# Wa handle strength



## HappyamateurDK (Nov 3, 2020)

Hi all.

Made a big decision today.. bought my very first WA handled knife. And a for me..quit expensive one. 

I tried a lot of different knives, at the store. But ended up choosing a konosuke HD2 210 gyuto with a laurel WA handle.

I was so impressed with the cutting performance and lightness of the knife. And the handle felt great for pinch grip. 

But I can't help wondering.. is the WA handle construction especially weak ? I know it is not as strong as a fully forged western handle. But is loose/cracking handles a problem on the konosuke or WA handles in general if not babied. 

Have a nice day


----------



## Bert2368 (Nov 3, 2020)

If you are using a good quality J knife in such a way that any difference in wa handle strength vs. a full tang handle could matter?

You probably already wrecked the blade.


----------



## JoBone (Nov 3, 2020)

Wa handles by nature are durable and long lasting, however that’s not always the case.

*Care* 
- As they are generally constructed of wood, they should not be put in a dishwasher. The heat may damage the wood or the adhesives used to piece them together.

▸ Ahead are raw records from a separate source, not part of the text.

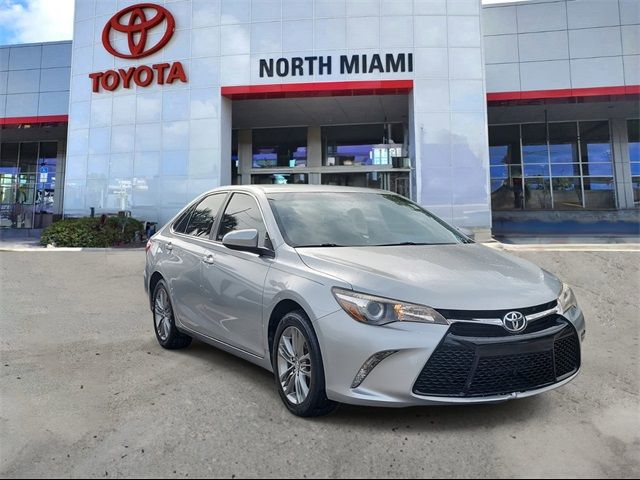 2017 Toyota Camry SE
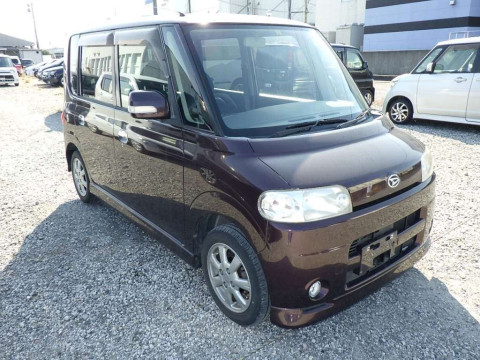 2007 Daihatsu Tanto L350S[2]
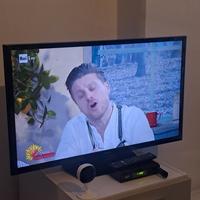 TV SAMSUNG 32" DVBT2 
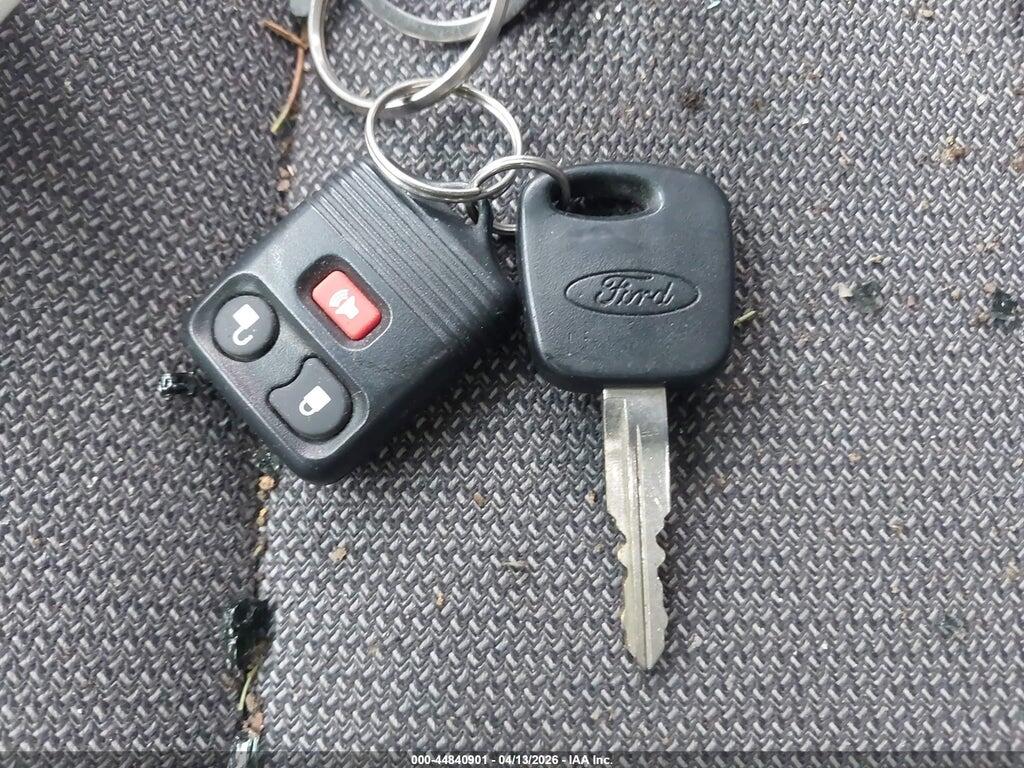 1FMCU041X2KB00422 2002 FORD ESCAPE photo no. 11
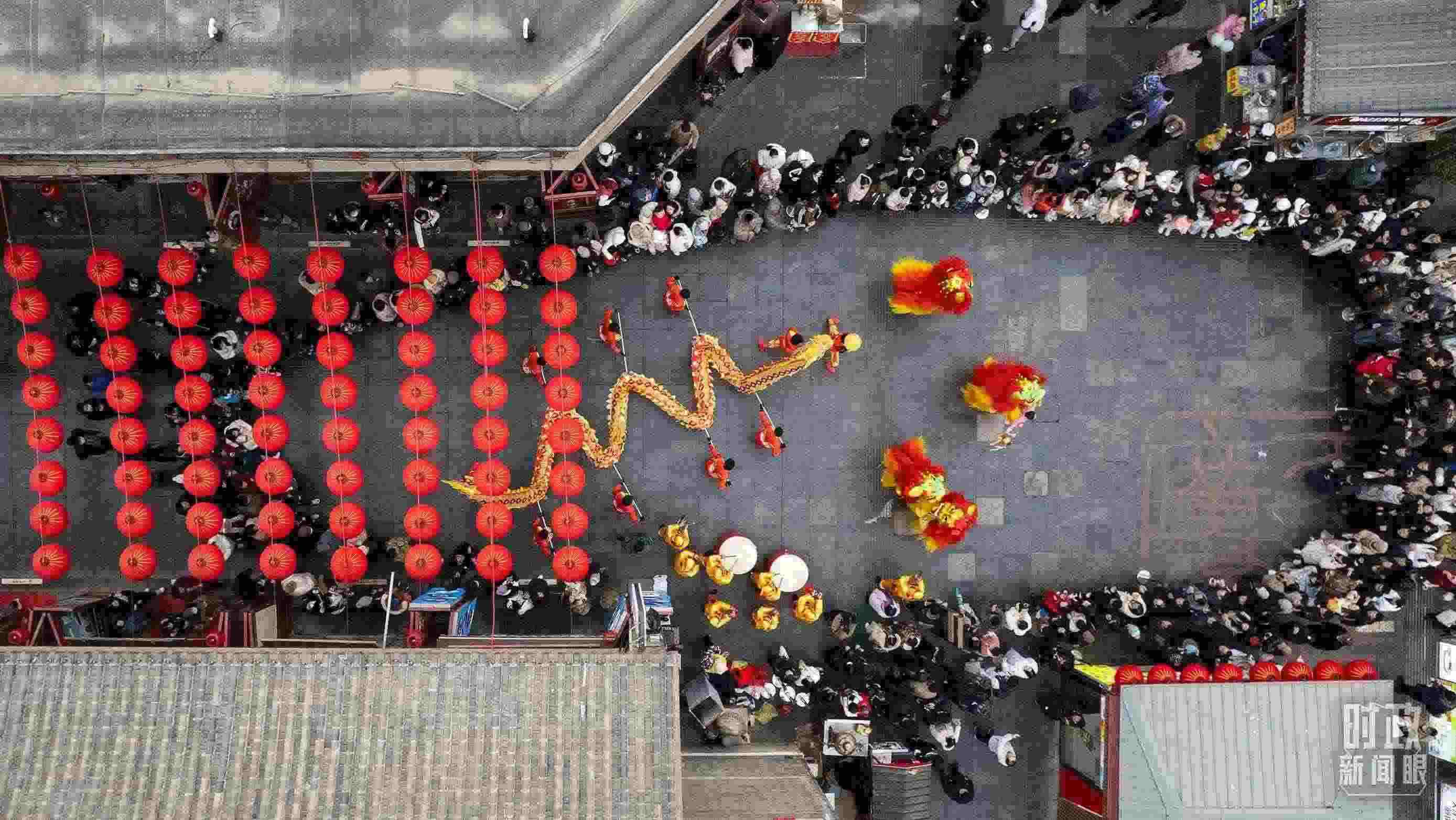 △天津古文化街上的舞龍舞獅表演，喜氣騰騰。（總臺(tái)國(guó)廣記者李晉拍攝）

- *Custom handles*: a lot of people like to custom make wa handles and everyone that starts out will make mistakes. That’s part of the process; even people who have made them for a long period of time, may not have the best design.

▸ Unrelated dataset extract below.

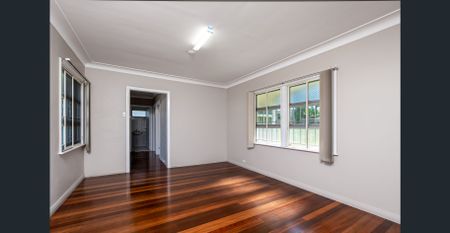 Charming Family Home in Prime Cannon Hill Location - Photo 5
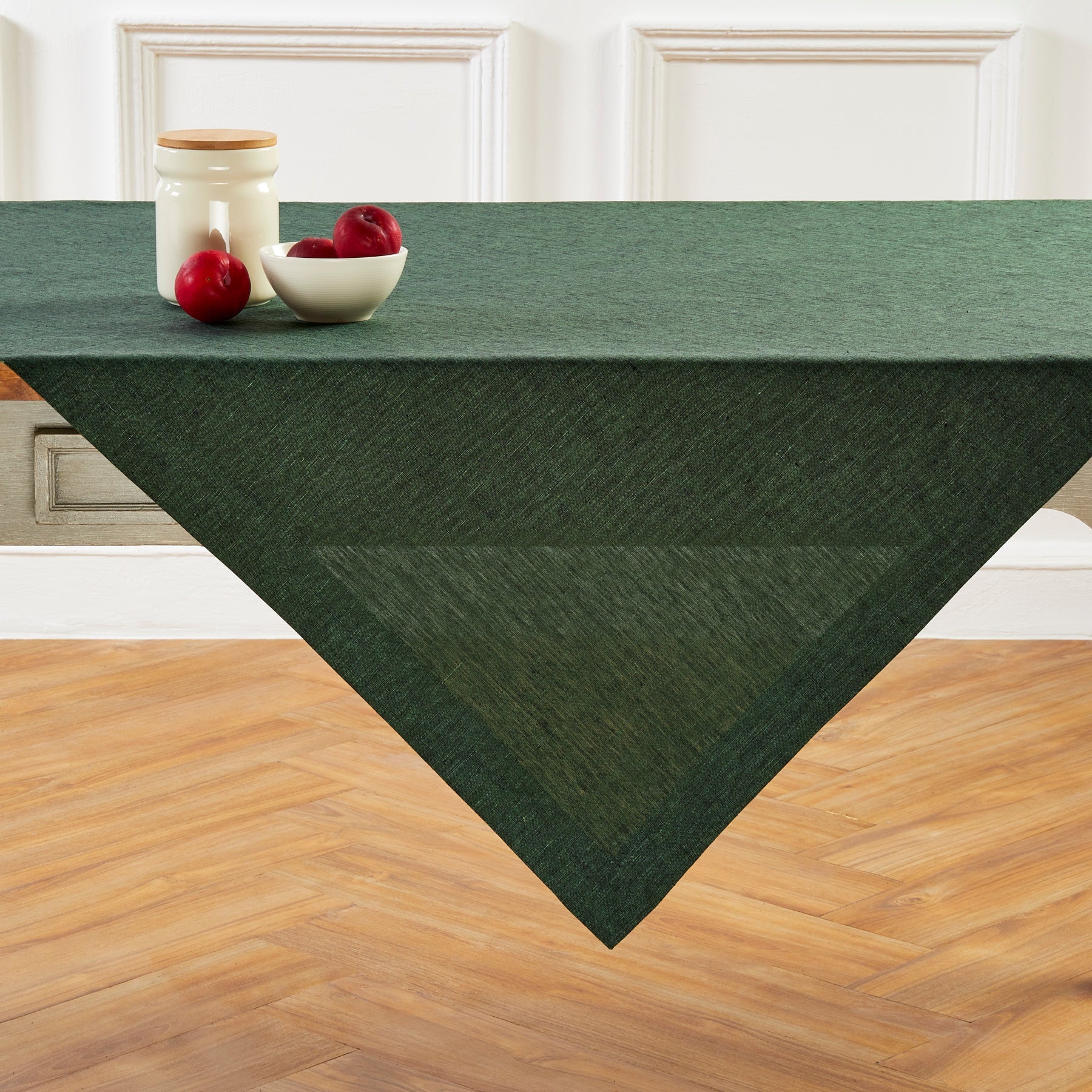 Athena Table Throw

The biggest potential issue that I see is with end caps and metal spacers. All metal spacers need to have some sort of pinning, so when mixed with an end cap, there is an increased risk of problems. I suggest that you verifying with the seller that they are properly pinned before buying. 

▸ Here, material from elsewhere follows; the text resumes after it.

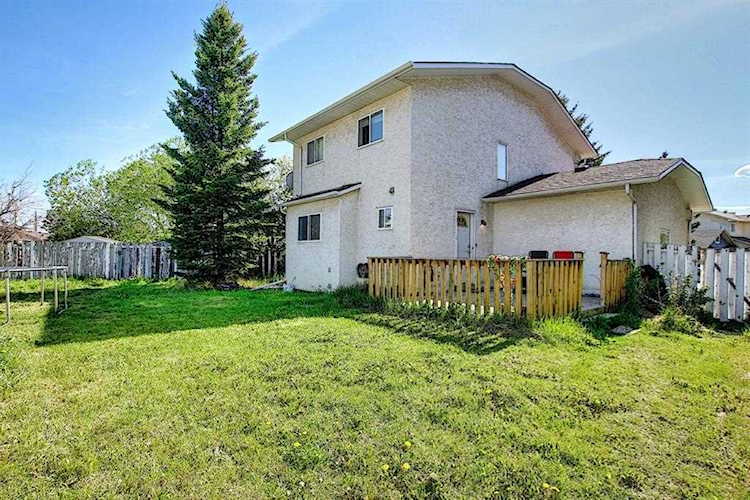 20 Martinglen Place NE Calgary, AB T3J 3J1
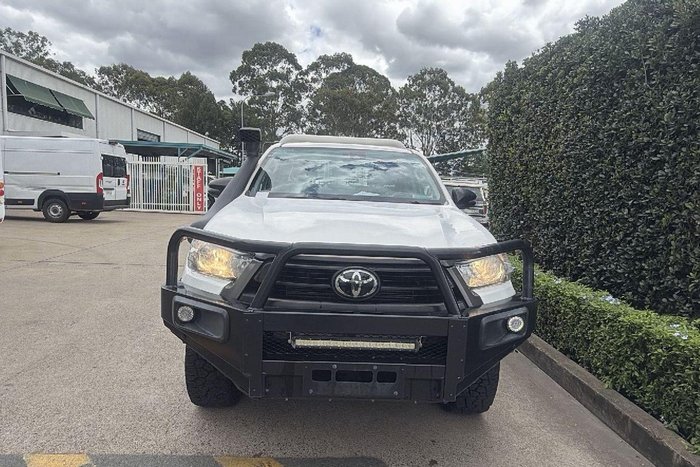 2021 Toyota Hilux SR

Type of wood used - some types of wood needs to be stabilized before using. I think most makers know that, but I think it’s a good to verify or check before buying if you have questions about it. Ben Greenberg has a nice write up about this.





wood identification


A list of common woods for knife handles




greenbergwoods.com


----------



## HappyamateurDK (Nov 3, 2020)

JoBone said:


> Wa handles by nature are durable and long lasting, however that’s not always the case.
> 
> *Care*
> - As they are generally constructed of wood, they should not be put in a dishwasher. The heat may damage the wood or the adhesives used to piece them together.
> ...



Thanks for your input. 

I assume that konosuke made sure that the wood and mounting method used from the factory is okay..but nice to know if I'm ever looking for a custom handle.


----------